4. 6216 Sayılı Kanun'un 50. Maddesi Yönünden

62. 30/3/2011 tarihli ve 6216 sayılı Anayasa Mahkemesinin Kuruluşu ve Yargılama Usulleri Hakkında Kanun’un 50. maddesinin ilgili kısmı şöyledir:

"(1)Esas inceleme sonunda, başvurucunun hakkının ihlal edildiğine ya da edilmediğine karar verilir. İhlal kararı verilmesi hâlinde ihlalin ve sonuçlarının ortadan kaldırılması için yapılması gerekenlere hükmedilir…

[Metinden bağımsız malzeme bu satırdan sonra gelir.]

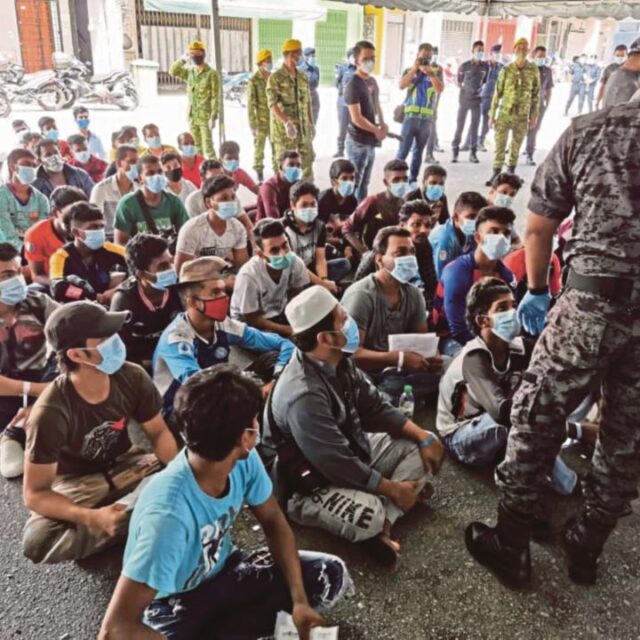 Illegal migrants are under arrest in Malaysia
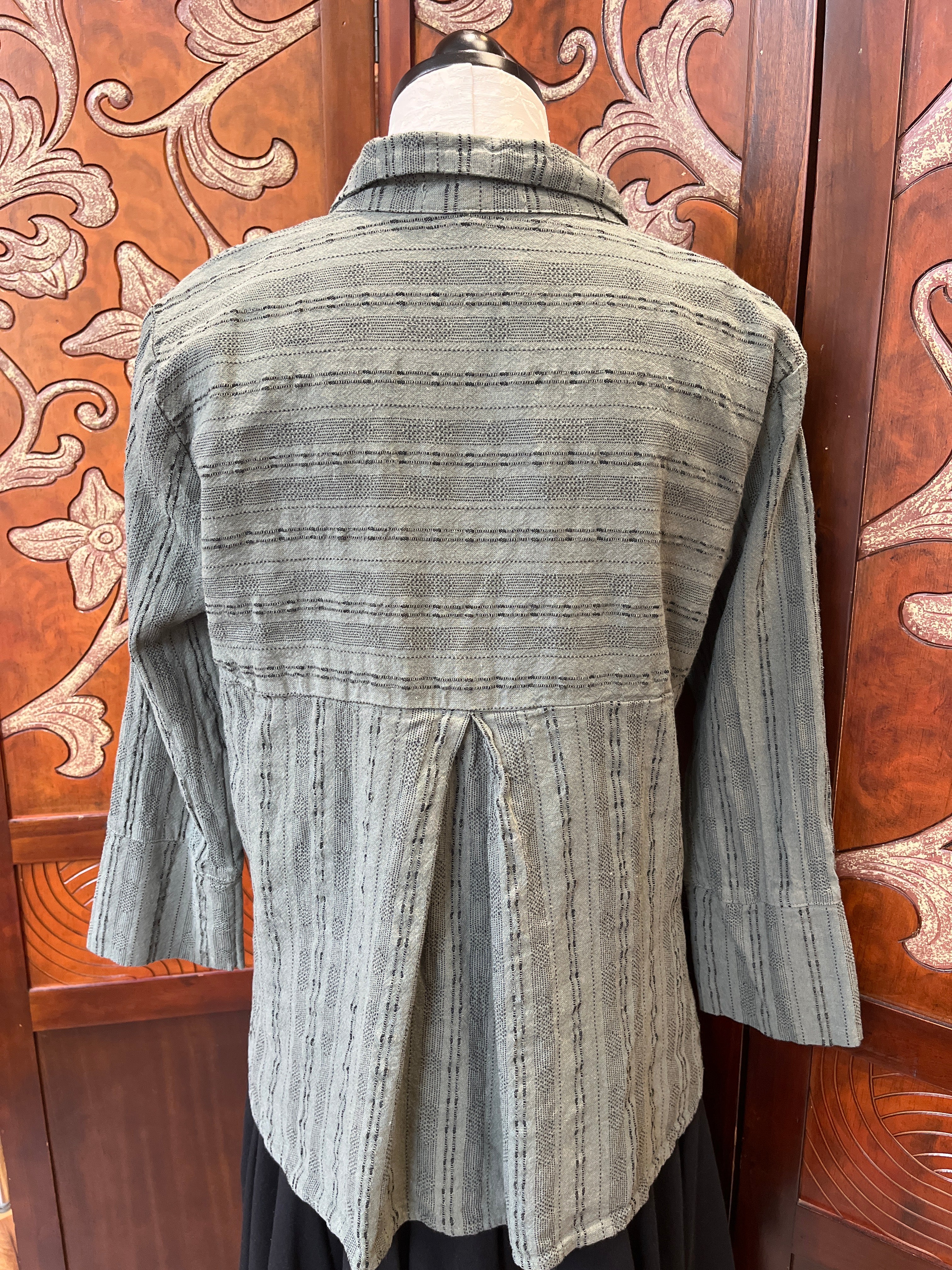 Cut Loose shirt, linen/cotton stripe button front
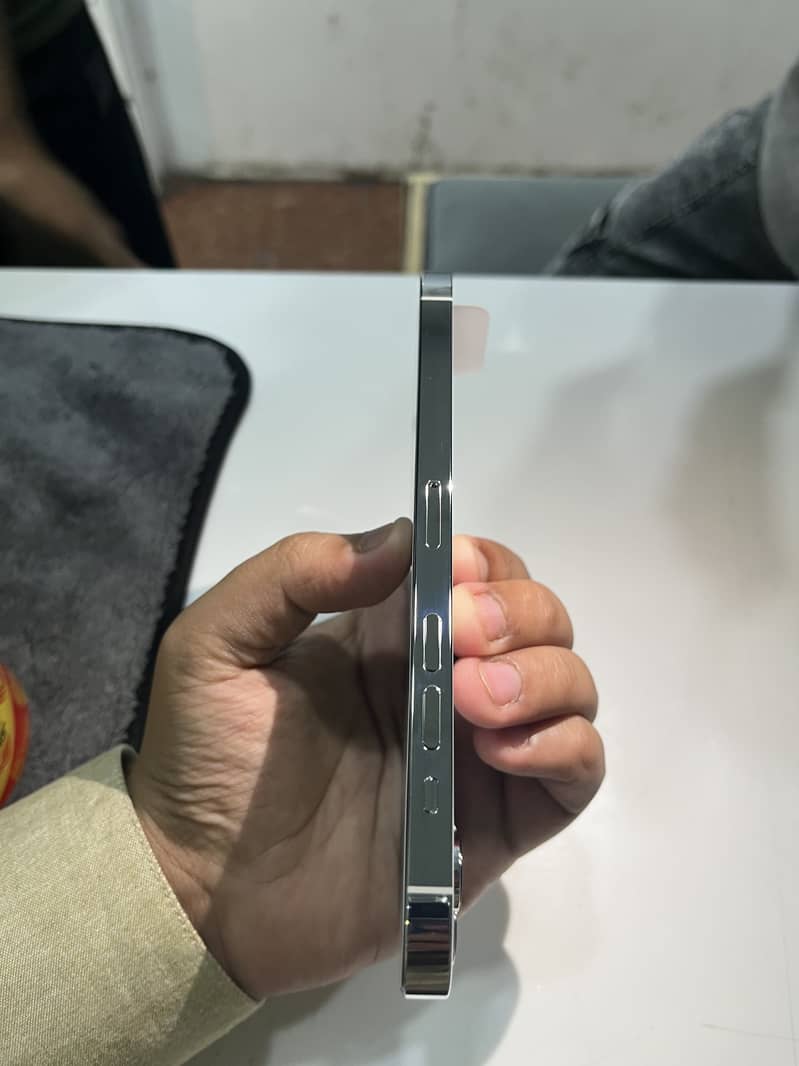 Apple iPhone 14 Pro Max 2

 (2) Tespit edilen ihlal bir mahkeme kararından kaynaklanmışsa, ihlali ve sonuçlarını ortadan kaldırmak için yeniden yargılama yapmak üzere dosya ilgili mahkemeye gönderilir. Yeniden yargılama yapılmasında hukuki yarar bulunmayan hâllerde başvurucu lehine tazminata hükmedilebilir veya genel mahkemelerde dava açılması yolu gösterilebilir. Yeniden yargılama yapmakla yükümlü mahkeme, Anayasa Mahkemesinin ihlal kararında açıkladığı ihlali ve sonuçlarını ortadan kaldıracak şekilde mümkünse dosya üzerinden karar verir."

63. Başvurucu, adli yardım talebinin kabul edilmesi, ihlalin tespiti ve 100.000 TL manevi tazminata karar verilmesi talebinde bulunmuştur.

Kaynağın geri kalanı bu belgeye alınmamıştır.